Answered by rob manheimer
Posted Aug 12, 2017 10:58 PM ET


Here is a link to an article that tells you everything you need to know about installing rigid foam above your roof sheathing: How to Install Rigid Foam On Top of Roof Sheathing.

Some types of metal roofing can be installed on 1x4 or 2x4 purlins, 24 inches on center, instead of solid sheathing. If you choose the right kind of roofing, you will be able to avoid the cost of a second layer of OSB or plywood.

Here is a link to an article about choosing rigid foam with environmental responsibility in mind: Choosing Rigid Foam.

Note that when it comes to rigid foam, environmental concerns are similar to those for spray foam. These environmental concerns have nothing to do with injury to the ozone layer; they have to do with the global warming potential of the blowing agents.

Answered by Martin Holladay
Posted Aug 13, 2017 5:40 AM ET



You can do the environmentally responsible thing by using reclaimed rigid foam. Reclaimed foam is also much cheaper than new material (often half to a third the cost).
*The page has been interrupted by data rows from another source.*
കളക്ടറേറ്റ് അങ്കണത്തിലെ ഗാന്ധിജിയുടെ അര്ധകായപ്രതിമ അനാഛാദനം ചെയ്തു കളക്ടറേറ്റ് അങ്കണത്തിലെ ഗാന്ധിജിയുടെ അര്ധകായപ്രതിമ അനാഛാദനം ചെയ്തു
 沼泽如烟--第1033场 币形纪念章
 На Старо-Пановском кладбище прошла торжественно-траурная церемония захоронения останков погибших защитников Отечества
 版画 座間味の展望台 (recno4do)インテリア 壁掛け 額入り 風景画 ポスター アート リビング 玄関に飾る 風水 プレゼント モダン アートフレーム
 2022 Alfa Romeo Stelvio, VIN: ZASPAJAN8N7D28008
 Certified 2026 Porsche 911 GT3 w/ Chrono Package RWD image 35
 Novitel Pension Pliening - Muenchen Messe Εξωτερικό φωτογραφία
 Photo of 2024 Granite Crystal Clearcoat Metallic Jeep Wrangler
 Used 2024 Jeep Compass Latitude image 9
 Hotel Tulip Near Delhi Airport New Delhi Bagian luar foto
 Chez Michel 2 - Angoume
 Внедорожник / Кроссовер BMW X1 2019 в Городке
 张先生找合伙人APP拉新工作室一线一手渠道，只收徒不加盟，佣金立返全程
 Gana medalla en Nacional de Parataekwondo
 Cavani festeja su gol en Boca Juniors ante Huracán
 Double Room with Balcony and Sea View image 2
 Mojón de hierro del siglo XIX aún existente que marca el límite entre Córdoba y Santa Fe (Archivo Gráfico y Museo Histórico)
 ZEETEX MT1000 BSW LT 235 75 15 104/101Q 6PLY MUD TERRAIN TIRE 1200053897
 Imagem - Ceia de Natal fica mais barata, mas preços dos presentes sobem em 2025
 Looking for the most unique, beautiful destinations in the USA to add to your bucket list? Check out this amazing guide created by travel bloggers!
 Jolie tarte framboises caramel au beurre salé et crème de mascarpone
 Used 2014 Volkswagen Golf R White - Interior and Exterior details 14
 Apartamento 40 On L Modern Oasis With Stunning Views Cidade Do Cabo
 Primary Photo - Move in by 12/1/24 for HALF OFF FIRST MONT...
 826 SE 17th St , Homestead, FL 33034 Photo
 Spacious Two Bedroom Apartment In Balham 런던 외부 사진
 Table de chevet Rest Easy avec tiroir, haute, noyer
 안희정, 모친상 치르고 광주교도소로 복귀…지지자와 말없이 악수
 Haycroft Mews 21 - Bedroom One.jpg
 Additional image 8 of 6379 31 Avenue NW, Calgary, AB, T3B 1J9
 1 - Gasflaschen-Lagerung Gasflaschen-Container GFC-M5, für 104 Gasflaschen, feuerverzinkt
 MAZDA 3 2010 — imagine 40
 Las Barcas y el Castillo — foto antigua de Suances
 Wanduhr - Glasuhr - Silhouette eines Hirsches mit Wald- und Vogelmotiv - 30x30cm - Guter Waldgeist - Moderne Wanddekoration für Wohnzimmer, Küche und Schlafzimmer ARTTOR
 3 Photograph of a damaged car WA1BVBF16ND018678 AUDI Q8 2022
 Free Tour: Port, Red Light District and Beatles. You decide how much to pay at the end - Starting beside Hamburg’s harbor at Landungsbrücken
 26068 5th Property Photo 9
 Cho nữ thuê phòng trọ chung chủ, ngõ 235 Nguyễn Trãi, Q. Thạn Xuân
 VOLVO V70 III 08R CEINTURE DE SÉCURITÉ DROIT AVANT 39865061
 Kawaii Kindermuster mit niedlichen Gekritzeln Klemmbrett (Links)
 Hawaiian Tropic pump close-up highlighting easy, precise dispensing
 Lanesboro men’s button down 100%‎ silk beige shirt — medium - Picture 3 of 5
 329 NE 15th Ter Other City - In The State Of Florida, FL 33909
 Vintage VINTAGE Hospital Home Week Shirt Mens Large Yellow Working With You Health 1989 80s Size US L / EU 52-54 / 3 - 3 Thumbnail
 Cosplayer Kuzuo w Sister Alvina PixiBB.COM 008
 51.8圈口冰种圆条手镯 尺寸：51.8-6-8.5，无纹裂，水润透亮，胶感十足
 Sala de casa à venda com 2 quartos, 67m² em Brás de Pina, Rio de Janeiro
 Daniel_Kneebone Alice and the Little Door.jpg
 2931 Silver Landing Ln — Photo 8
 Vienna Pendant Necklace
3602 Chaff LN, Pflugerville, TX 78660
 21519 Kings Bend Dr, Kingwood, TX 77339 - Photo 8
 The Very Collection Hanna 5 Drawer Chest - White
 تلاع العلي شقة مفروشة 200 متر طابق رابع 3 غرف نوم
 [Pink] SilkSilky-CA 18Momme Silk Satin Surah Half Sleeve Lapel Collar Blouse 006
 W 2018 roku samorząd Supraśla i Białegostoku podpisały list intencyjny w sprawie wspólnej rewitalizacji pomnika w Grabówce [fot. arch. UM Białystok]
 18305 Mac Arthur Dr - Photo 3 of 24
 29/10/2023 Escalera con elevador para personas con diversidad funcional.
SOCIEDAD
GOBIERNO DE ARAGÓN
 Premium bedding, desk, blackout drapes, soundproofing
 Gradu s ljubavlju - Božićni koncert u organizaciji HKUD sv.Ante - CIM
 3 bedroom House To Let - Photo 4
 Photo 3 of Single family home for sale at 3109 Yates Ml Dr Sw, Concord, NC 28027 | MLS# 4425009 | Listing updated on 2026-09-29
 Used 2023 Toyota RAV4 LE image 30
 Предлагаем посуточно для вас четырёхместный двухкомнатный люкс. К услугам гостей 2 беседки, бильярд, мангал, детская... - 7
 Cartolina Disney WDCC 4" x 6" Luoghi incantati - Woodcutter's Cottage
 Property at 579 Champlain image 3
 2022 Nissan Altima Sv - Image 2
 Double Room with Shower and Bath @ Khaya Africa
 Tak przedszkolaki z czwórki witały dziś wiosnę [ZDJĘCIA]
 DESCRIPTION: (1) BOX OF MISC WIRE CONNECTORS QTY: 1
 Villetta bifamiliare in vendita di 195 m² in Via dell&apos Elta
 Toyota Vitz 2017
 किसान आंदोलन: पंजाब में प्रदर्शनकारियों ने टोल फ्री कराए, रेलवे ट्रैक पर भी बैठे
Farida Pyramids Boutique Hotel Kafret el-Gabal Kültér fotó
Answered by Steve Knapp CZ 3A Georgia
Posted Aug 13, 2017 10:08 AM ET


I own a solar company, and to be honest your situation troubles me.
1. Your insulation is low, and I think for slightly more money you will for sure be happy if you spring for 2x6 atleast if not more to allow you more insulation.
2. Did your engineer factor in solar panels ? They are around 40lbs a piece, and given your history, I would think again atleast 2x6.
3. Closed Cell and Roxul are both great products. Roxul has some sound and fire benefits, but if your not changing the rafters, if it were me I would do closed cell.
4. Be very picky about your solar mounts given what you describe. I would be looking for something like Quickmount PV, or one of the quality flashings. Snap and Rack, unirac, etc, but the key things you need is a good flashing to protect that new roof, and if you go with 2x4 I would over engineer the penetrations. You don't want to lose an array off your roof, and there is no such thing as too much strength in solar mounting. 2x6 I would feel ok about, 2x4 you would want to hit every span, with no non structural spans. Most tools will tell you to go ever other one, I would recommend a mount in every rafter if it is 2x4, and I would double check the spec with your solar rack manufacturer. Also most mounts come in different grades, I would go with a heavier strength rail to help backup your roof with the limited rafters.

Just my opinion.

Answered by SLEaton
Posted Aug 15, 2017 4:15 PM ET
Edited Aug 15, 2017 4:18 PM ET.


Hi Sleaton
Thanks for replying. I am located in Oakland, CA which is a very temperate climate. The attic is, more than anything else for storage and we'll have r-23 between the attic and the living space below. If we use roxul in the roof, that gives us another r-15. If we go closed cell it would probably be closer to another r-23 or 24. That is a ton of insulation by Bay Area standards. (I know of almost nobody on this side of the coastal hills who has air conditioner for the summer and the temps go below 32 degrees maybe once or twice a winter.)
I am more confused by your solar comments. We are planning on installing a standing seam roof and my understanding of one of the huge benefits of standing seam is that the panels are attached to the roofing via clips screwed to the seams. In other words there are no roof penetrations. I hadn't gotten as far yet as specifying what type of clips to use but I will look into that and ask the solar companies wha they use and what guarantees they offer that I will not loose a panel.